Je fais un rapide arrêt au stand : les sanitaires seront propres

Ce panda semble bien plus souple que moi

Le cheminement vers la sortie est assez long

Il faudra bientôt mettre cap à gauche pour sortir (contrairement à ce que semble faire croire l’affichage sur le dessus)

Petite subtilité pour la sortie, il ne faut pas oublier de tourner à droite si l’on a des bagages à récupérer

Les bagages sont attendus sur le tapis n°6. Je remarque en rédigeant ce FR la présence de la caméra qui montre les opérations.

Je retrouve aisément le chauffeur qui m’amènera jusqu’au Sofitel Legend (« y’a pas de mal à se faire du bien » est la devise de ce voyage)

Ayant quitté Beijing avec 30° au thermomètre, l’arrivée à Xian avec 36°, et 38° ressentis est un peu abrupte, d’autant que la zone reste relativement minérale.
Nous mettrons 45min pour rejoindre l’hypercentre de Xian (pour CNY800 l’aller-retour)


Rendez-vous à l’épisode suivant avec, normalement, mon baptême en COMAC C919





















Merci pour ce récit.
Un vol domestique chinois en somme standard, avec tous ses contrôles à gogo.
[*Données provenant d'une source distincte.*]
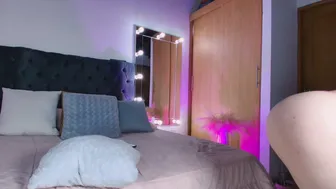 Allieecollinss24 sex chat 19 September 2026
Je trouve bizarre ce concept de "refouler" un passager "haute contribution" de la zone d'enregistrement économique...
La configuration Business en 2-2, c'est bien, un IFE personnel, c'est mieux, on ne peux pas en dire autant pour la classe éco.
Au vu du quiproquo, vous avez néanmoins eu quelque chose à grignoter, c'est mieux que rien mais 8 en restauration, personnellement, je trouve la notation généreuse.🤔
Concernant le parcours à l'arrivée, je constate des similarités entre la Chine et ses voisins coréens (caméra arrivée tapis bagage) et japonais (sortie sans bagages).
Très jolies photos de Beijing.
A bientôt. ;)
Merci pour votre retour.
J’avais peut-être raté une information, mais rien n’indiquait la zone « VIP » pour l’enregistrement : toutefois, il est vrai qu’elle valait le détour et je comprends pourquoi j’ai été « refoulé ».
Il y avait bien un IFE personnel, que je n’ai pas utilisé mais qui dispose bien d’une version en anglais.
J’avoue avoir été un peu généreux (contrairement à mon repas 😆) sur la note, mais je ne me voyais pas forcément sanctionner MU sur ce point.